親愛なる兄弟姉妹であり、国連気候変動枠組み条約第24回締約国会議(COP24)の参加者の皆様に、心よりご挨拶を申し上げます。
未来の世代の人々が健やかで幸せな人生を送ることができるよう、無私無欲で辛抱強く環境問題の改善に取り組んでおられる皆様に、私は心より感謝を申し上げたいと思います。
世界の屋根と呼ばれ、アジアを流れる大河の源と世界最高峰の峰々を有するチベットに生まれた者として、私は子供の頃から自然をこよなく愛してきました。また環境保護を自身の使命のひとつとし、どこへ行っても環境保護の大切さを訴えてきました。
私たち人間は、現代社会において著しい技術の進歩を遂げた一方で、多くの問題も生み出してしまいました。地球温暖化や気候変動の責任は私たち人間にある、と専門家たちは述べています。つまりこれは、「私たち人間には、私たちが引き起こした問題を削減し、最終的に無くす責任がある」ということなのです。
気候変動は一、二カ国だけの問題ではありません。人類全体の問題であり、この地球で生きているものすべてに影響が及ぶ問題です。この美しい地球は、私たちの唯一の棲み家であり、地球温暖化やほかの環境問題によって、もし地球が存続できなくなれば、私たちが移り住むことができる場所はないのです。今すぐに行動を起こして、環境を保護し、地球温暖化の解決策をみつけなければなりません。

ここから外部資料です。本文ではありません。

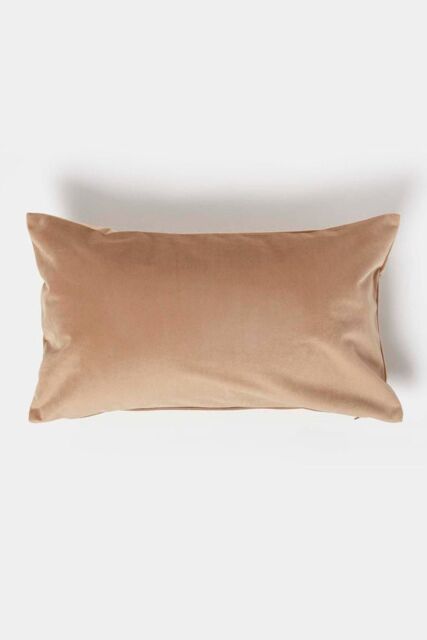 Homescapes Luxury Soft Velvet Cushion in Beige - Size: 30 cm x 50 cm - image 1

宇宙から撮影した地球の写真を見てみると、ただこの青い地球があるだけで、私たちを隔てる境界線などないことがわかります。もはや、「私の国」「私たちの大陸」だけのことを考えている場合ではありません。人類はひとつであるという認識に基づいた、より大きな地球規模の責任感が切に求められています。
気候変動の影響を減らすべく、常に取り組まれている国連気候変動枠組み条約(UNFCCC)の締約国の皆様に感謝を申し上げるとともに、この会議の成功を心よりお祈りしています。